_Exercise details_.
No pictures, nothing altered: return the data below.

_The data_.

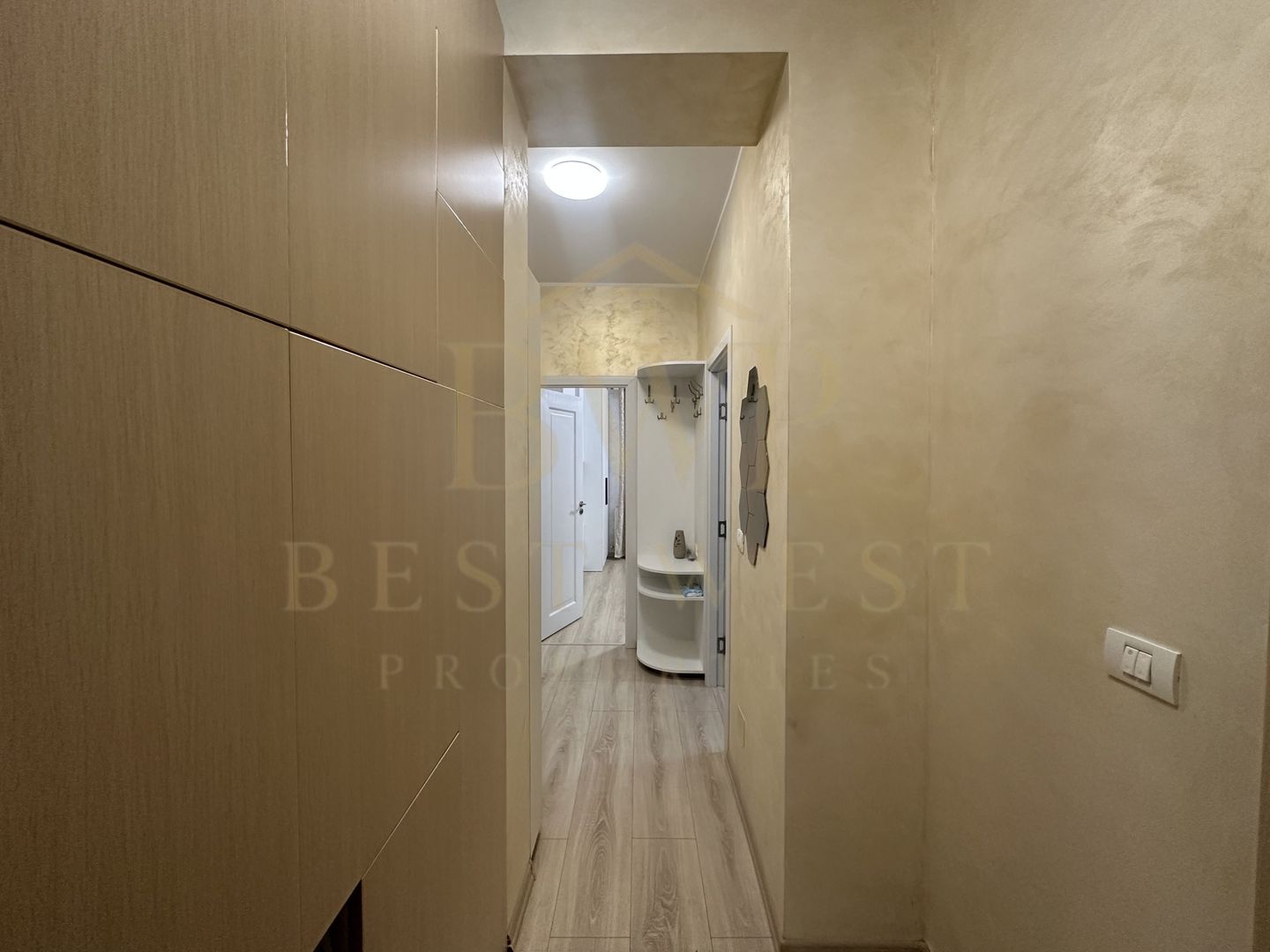 Apartament cu 2 camere, decomandat, curte, Giroc - Poză 7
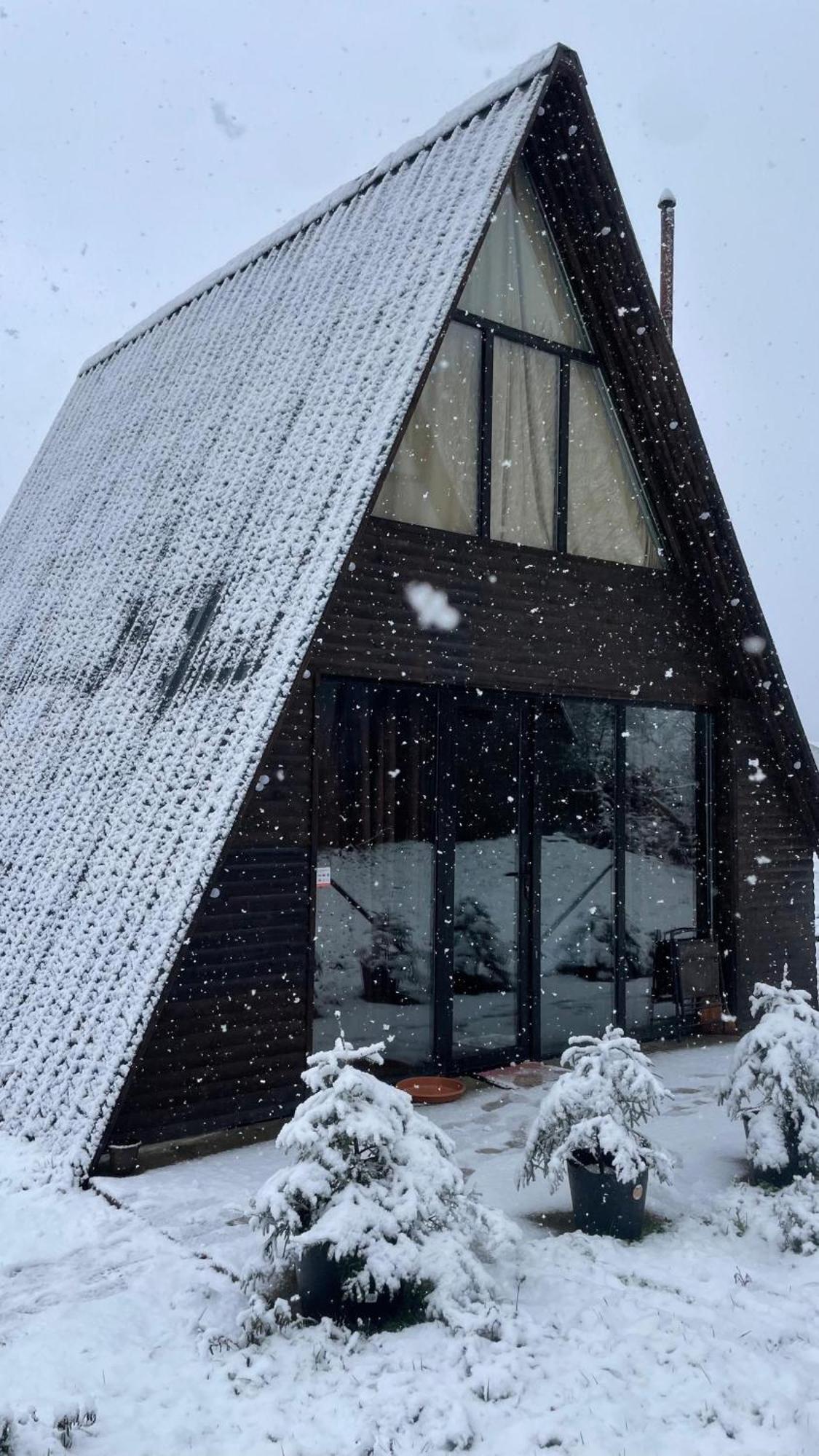 Landhaus بورجومي المظهر الخارجي الصورة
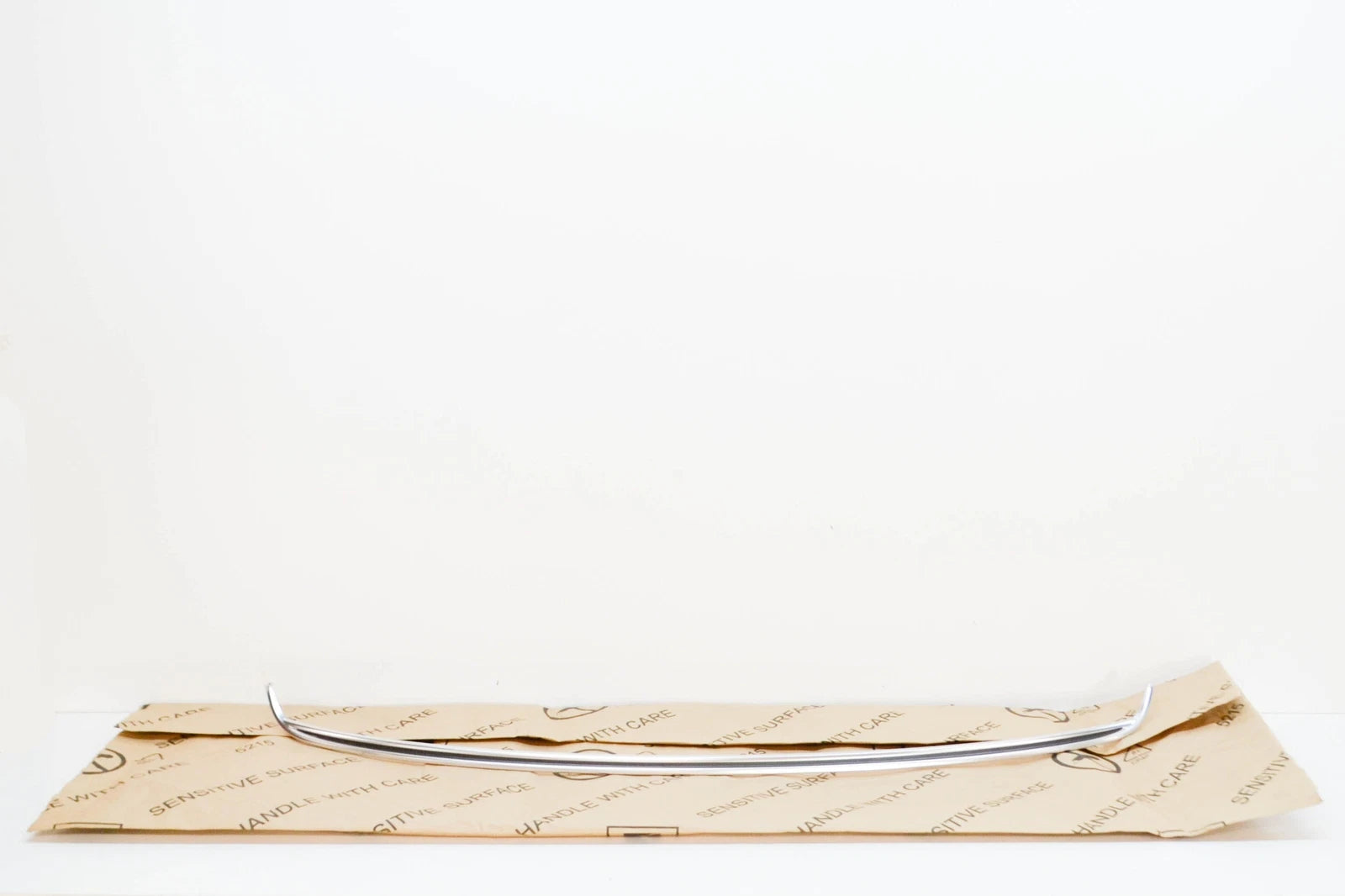 NEW AUDI Q5 8R REAR BUMPER CHROME TRIM 8R08074433Q7 ORIGINAL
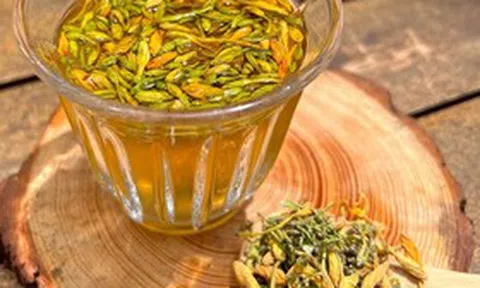 Uống hoa đu đủ chữa bệnh, người đàn ông 59 tuổi nhập viện gấp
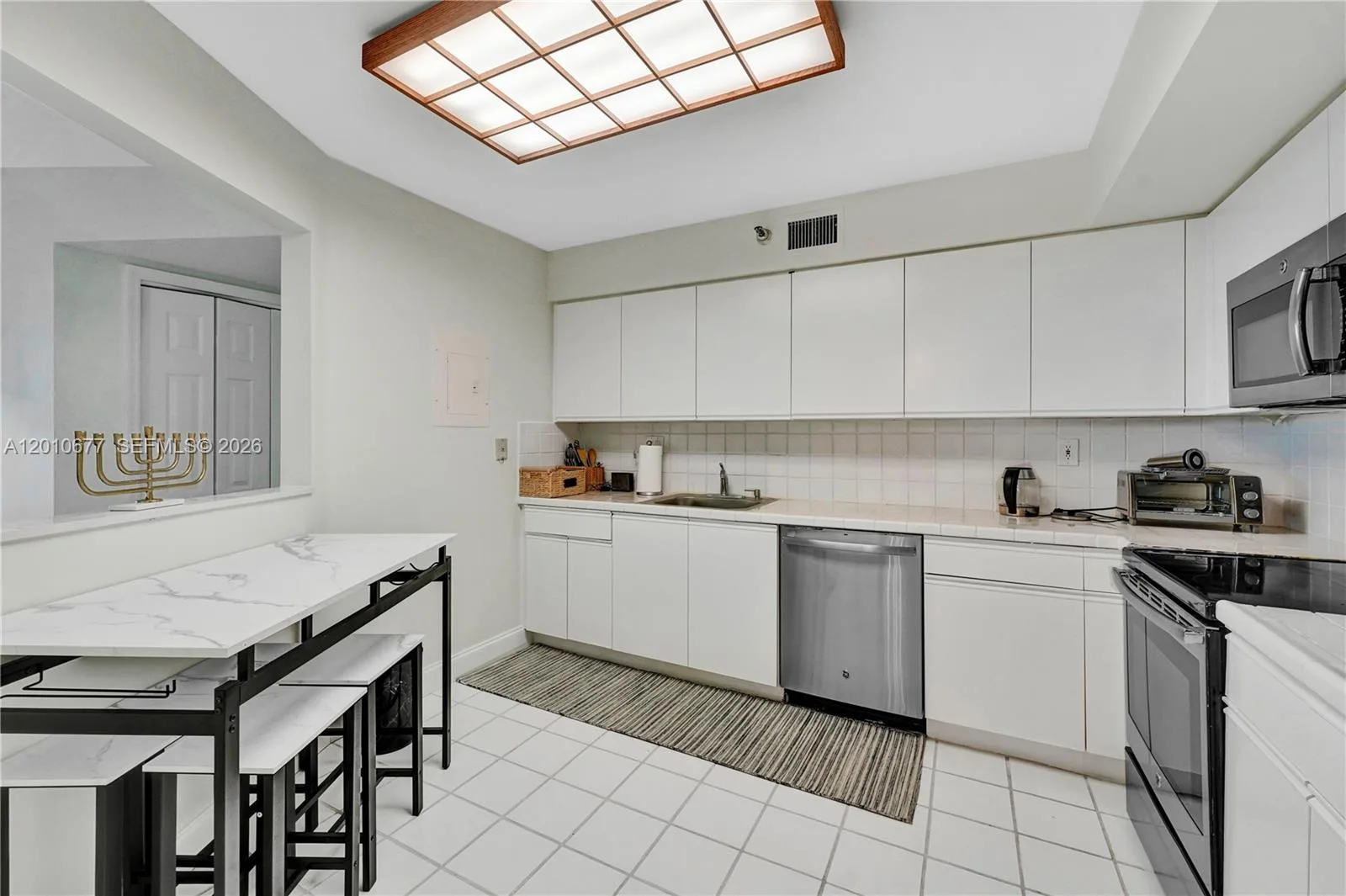 3500 Mystic Pointe Dr # 3302, Aventura, FL 33180 photo 4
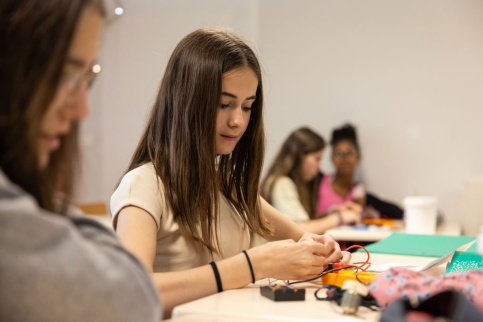 Une élève en cours de sciences physiques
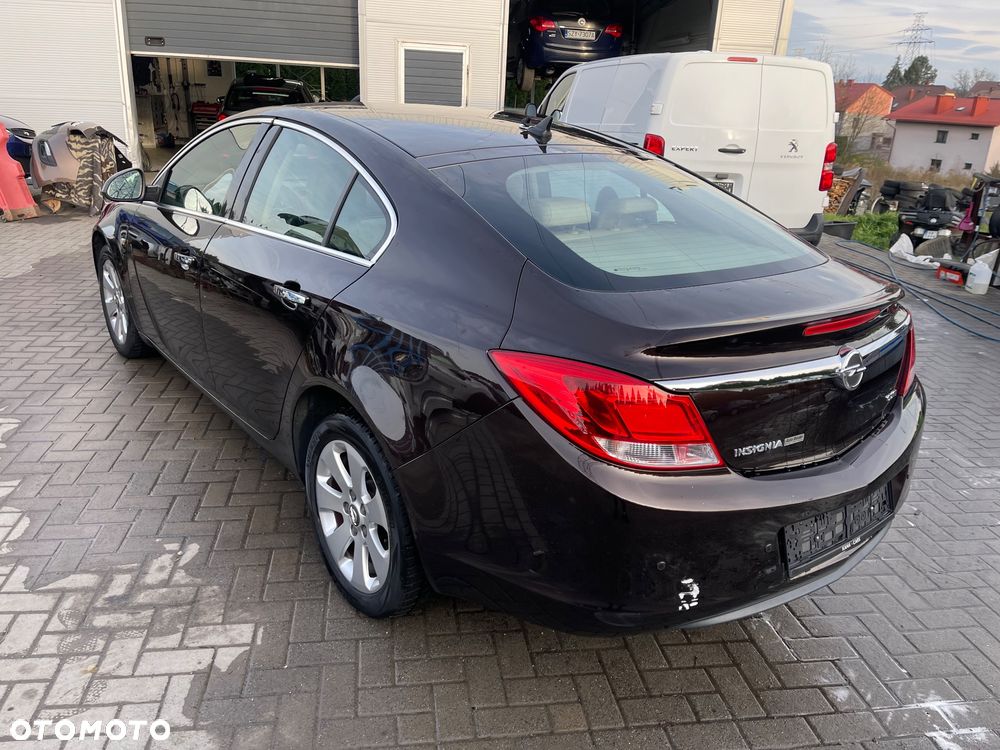 Opel Insignia 2.0 CDTI Design Edition - 3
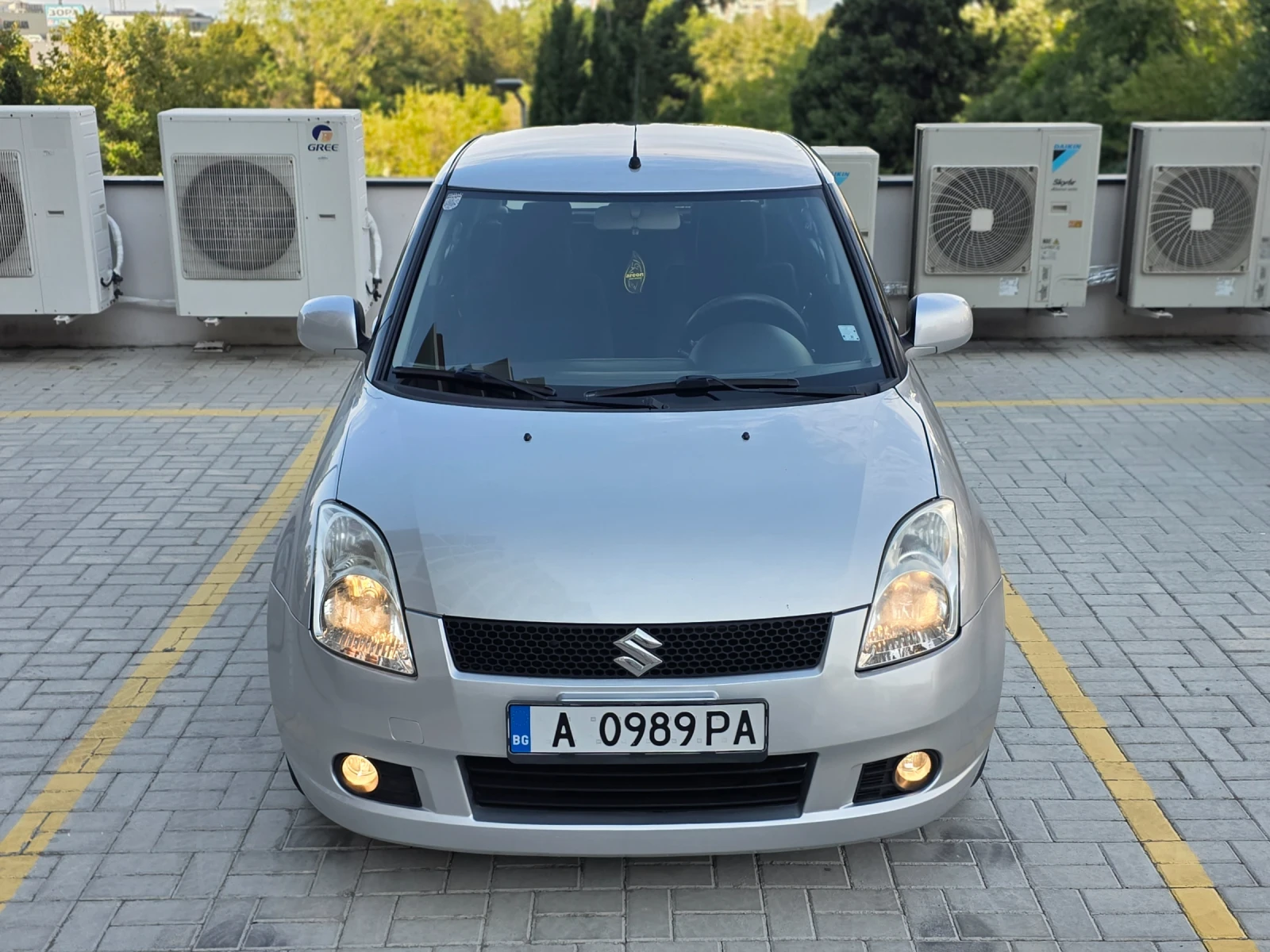 Suzuki Swift 1.3 Бензин , снимка 3 - Автомобили и джипове - 55942679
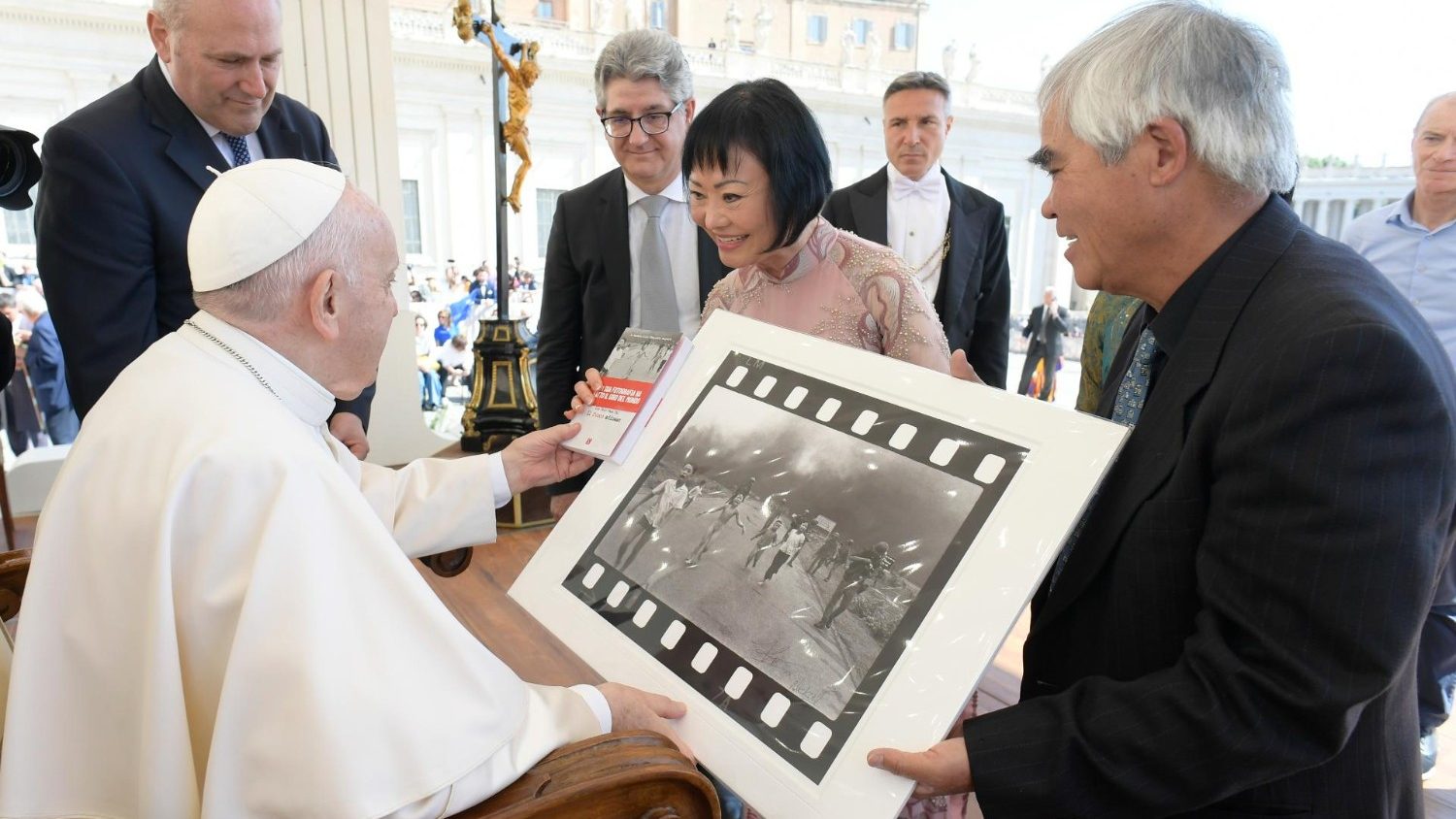Pope Francis and an iconic anti-war photo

_Solution below_.
 Apartament cu 2 camere, decomandat, curte, Giroc - Poză 7
 Landhaus بورجومي المظهر الخارجي الصورة
 NEW AUDI Q5 8R REAR BUMPER CHROME TRIM 8R08074433Q7 ORIGINAL
 Uống hoa đu đủ chữa bệnh, người đàn ông 59 tuổi nhập viện gấp
 3500 Mystic Pointe Dr # 3302, Aventura, FL 33180 photo 4
 Une élève en cours de sciences physiques
 Opel Insignia 2.0 CDTI Design Edition - 3
 Suzuki Swift 1.3 Бензин , снимка 3 - Автомобили и джипове - 55942679
Pope Francis and an iconic anti-war photo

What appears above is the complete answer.